- Directed by: Jürgen Schadeberg
- Written by: Richard Beynon
- Produced by: The Schadeberg Movie Company
- Starring: Miriam Makeba Stan Motjuwadi Can Themba Thoko Thomo
- Cinematography: Tony Mander André Pienaar
- Edited by: Sharron Hawkes
- Release date: 1989;
- Running time: 77 minutes
- Country: South Africa
- Language: English

= Have You Seen Drum Recently? =

Have You Seen Drum Recently? is a 1989 film which uses photographs from the Drum archives to tell the story of the magazine and documents its contribution to the cultural and political life of South Africa.

In the 1950s, Drum focused on urban blacks living in a white-dominated apartheid world.

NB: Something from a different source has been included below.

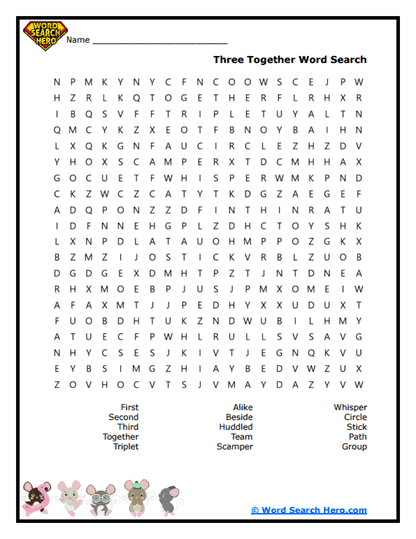 Three Together Word Search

It contained articles about the township jazz scene, crime, fiction and sport and documented the hopes, aspirations and despair of the urban, educated black sophisticate.

Directed by Jürgen Schadeberg, the film includes such images as Oliver Tambo as a lawyer, Trevor Huddleston demonstrating against the demolition of Sophiatown, Nelson Mandela sparring in the boxing ring, Chief Luthuli the Nobel Prize winner and the singer Miriam Makeba.

The background music is based on the music of the 1950s, including big band, jazz, swing, kwela and penny whistle.